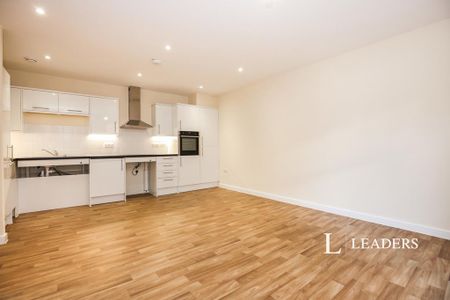 1 bedroom flat to rent - Photo 2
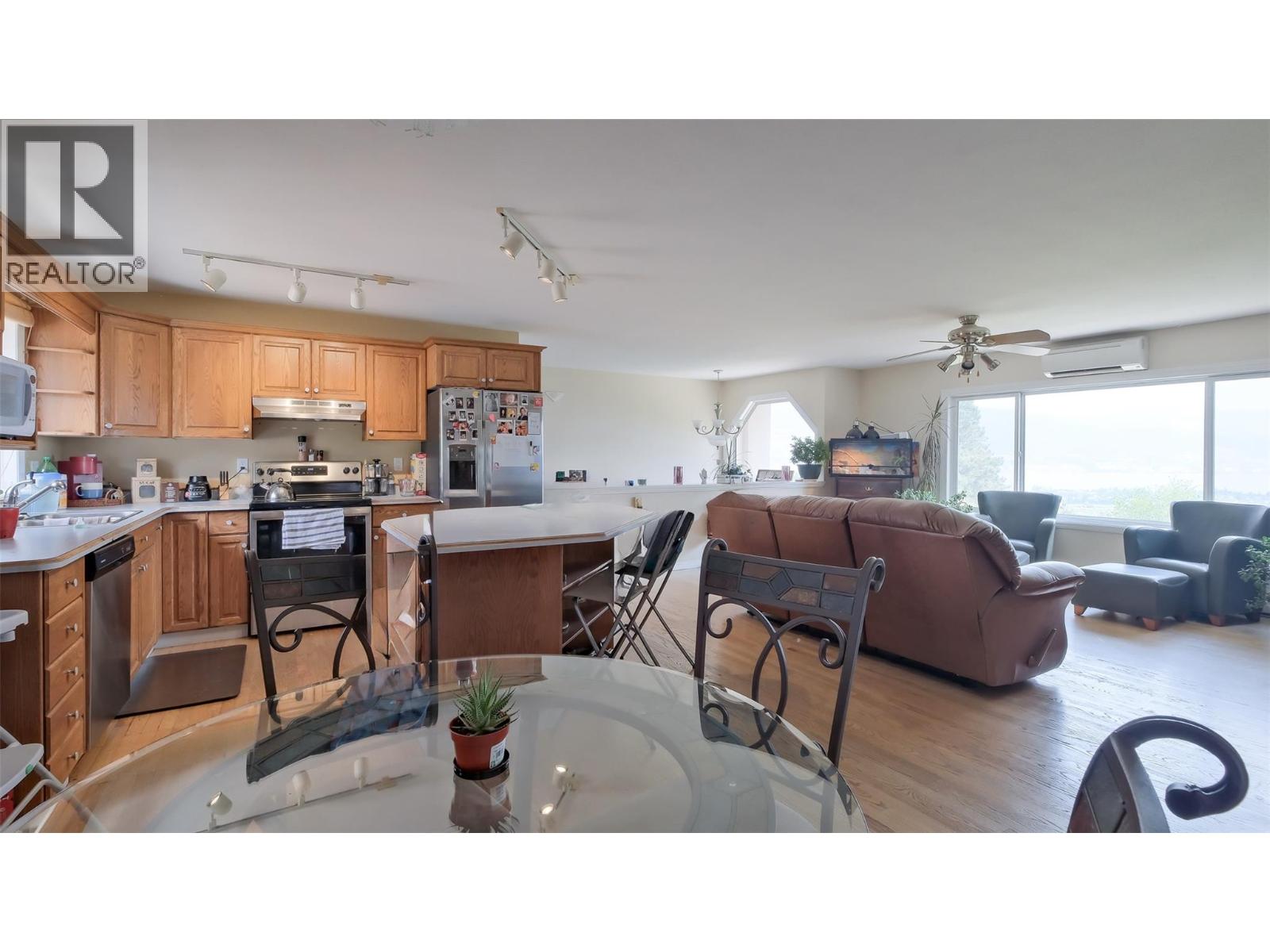 5711 White Street Summerland Photo 31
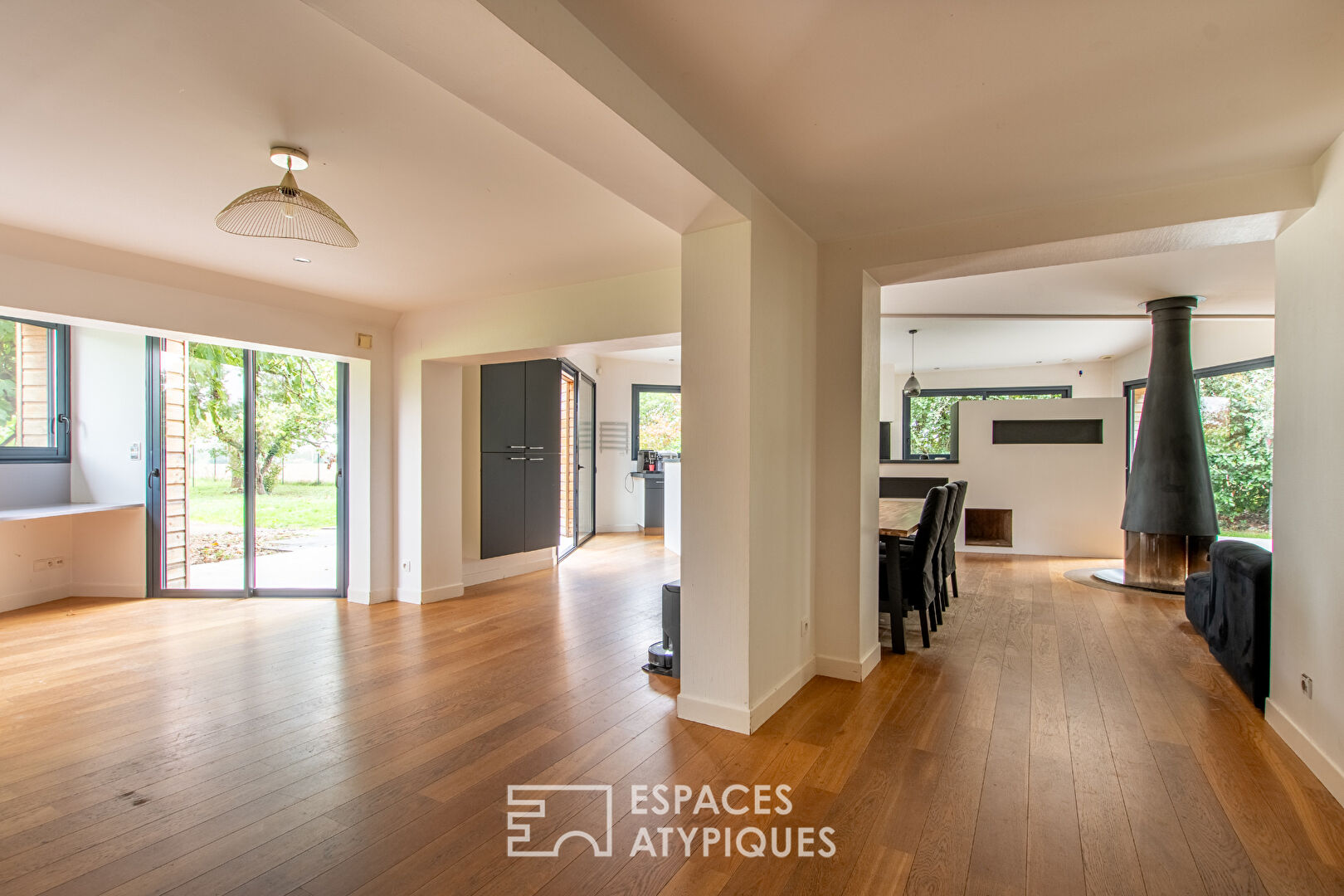 Photo Maison Familiale et son jardin verdoyant image 3/6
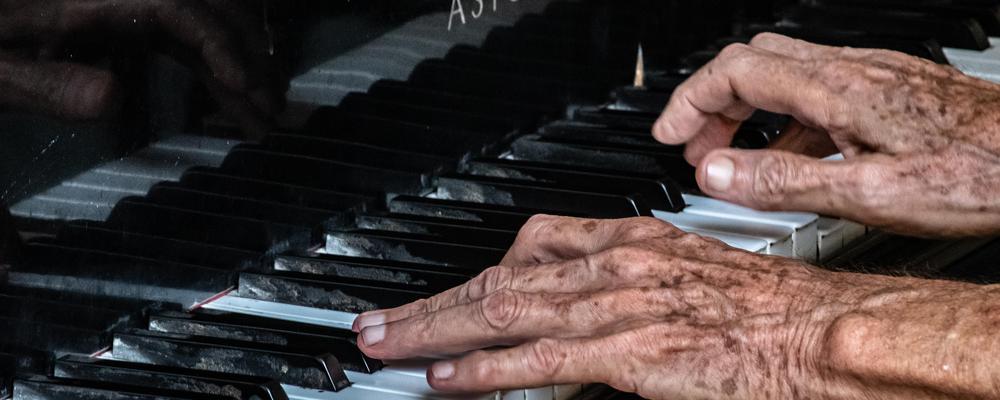 gamla händer som spelar piano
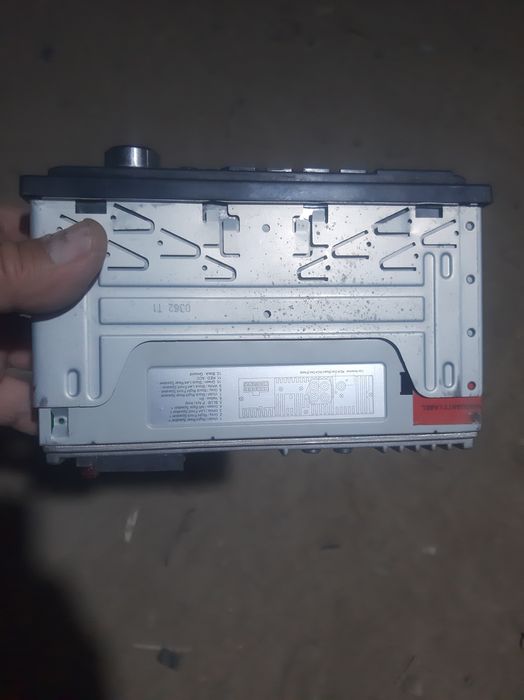 Автомагнитола бу сотилади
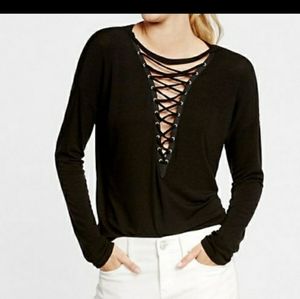 Express deep V black top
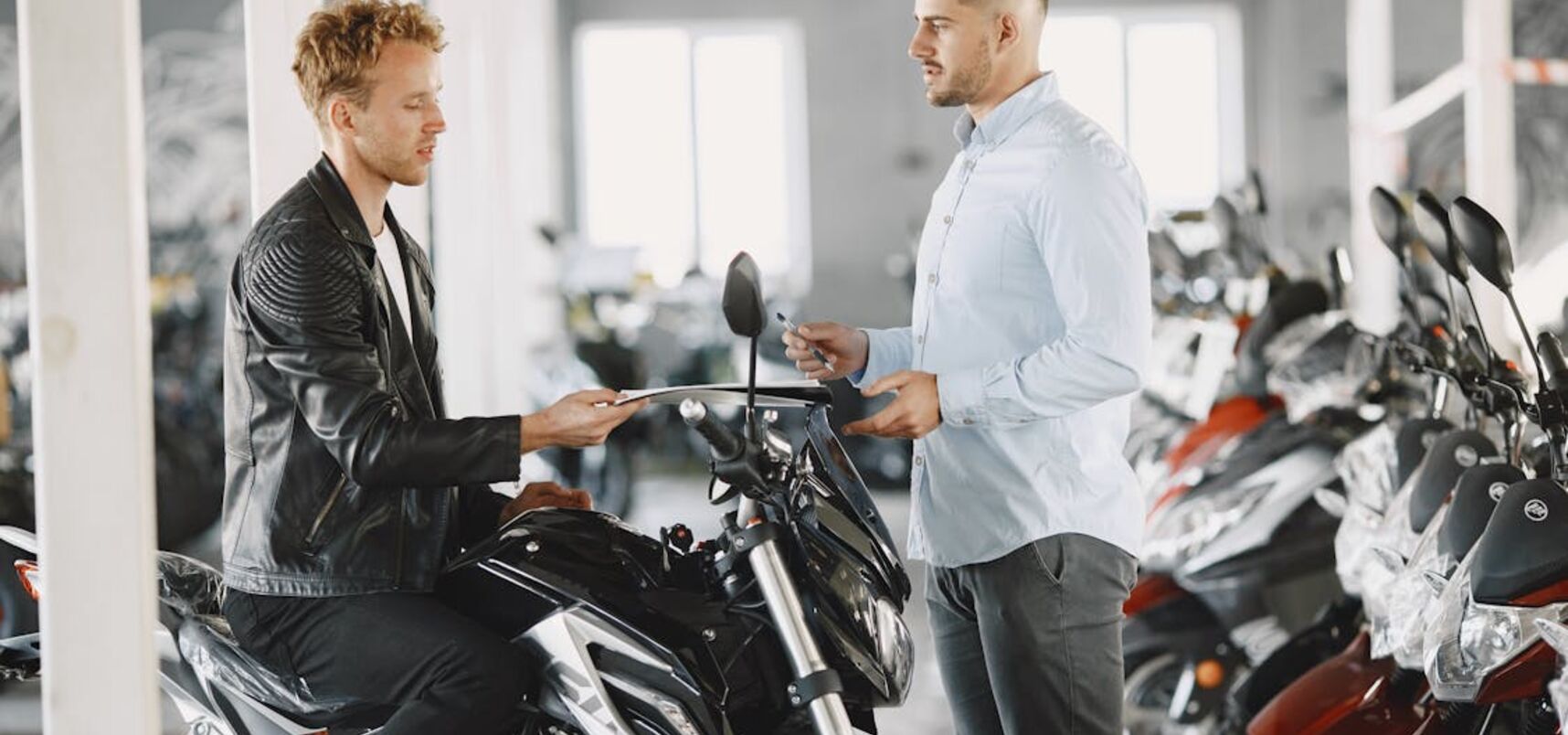 

<!-- THEME DEBUG -->
<!-- THEME HOOK: 'field' -->
<!-- FILE NAME SUGGESTIONS:
   * field--node--title--job.html.twig
   x field--node--title.html.twig
   * field--node--job.html.twig
   * field--title.html.twig
   * field--string.html.twig
   * field.html.twig
-->
<!-- BEGIN OUTPUT from 'themes/custom/capforma/templates/field/node/field--node--title.html.twig' -->
VENDEUR (EUSE) MOTO H/F - En alternance
<!-- END OUTPUT from 'themes/custom/capforma/templates/field/node/field--node--title.html.twig' -->

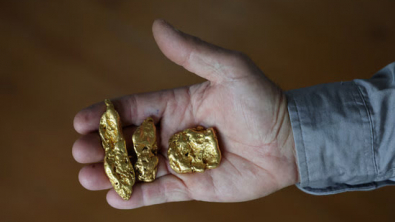 Soaring Prices Spark Australia Gold Rush for new Generation of Fortune Hunters
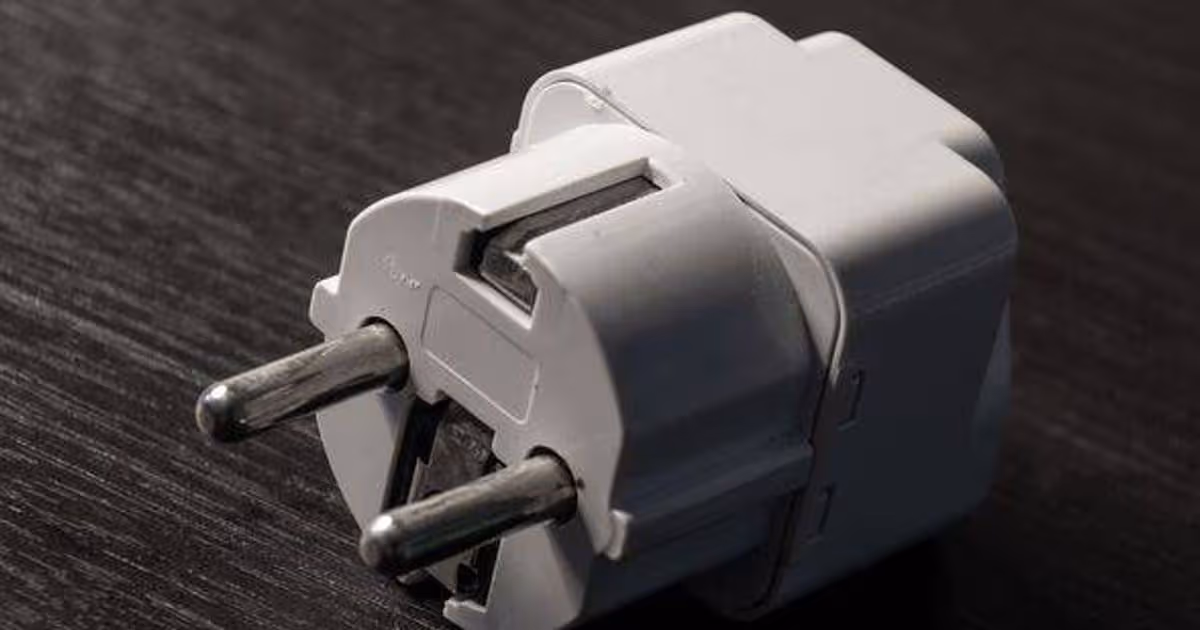 Brits urged never to pack plug adaptors in checked luggage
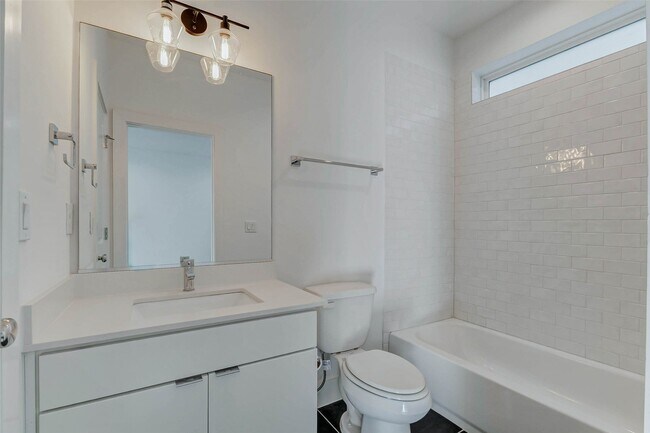 Building Photo - 5859 Dolores St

___

### Work to be completed
Each line of the listing is to be retyped exactly, and its pictures are to be dropped.

### Solution
 1 bedroom flat to rent - Photo 2
 5711 White Street Summerland Photo 31
 Photo Maison Familiale et son jardin verdoyant image 3/6
 gamla händer som spelar piano
 Автомагнитола бу сотилади
 Express deep V black top

<!-- THEME DEBUG -->
<!-- THEME HOOK: 'field' -->
<!-- FILE NAME SUGGESTIONS:
   * field--node--title--job.html.twig
   x field--node--title.html.twig
   * field--node--job.html.twig
   * field--title.html.twig
   * field--string.html.twig
   * field.html.twig
-->
<!-- BEGIN OUTPUT from 'themes/custom/capforma/templates/field/node/field--node--title.html.twig' -->
VENDEUR (EUSE) MOTO H/F - En alternance
<!-- END OUTPUT from 'themes/custom/capforma/templates/field/node/field--node--title.html.twig' -->

 Soaring Prices Spark Australia Gold Rush for new Generation of Fortune Hunters
 Brits urged never to pack plug adaptors in checked luggage
 Building Photo - 5859 Dolores St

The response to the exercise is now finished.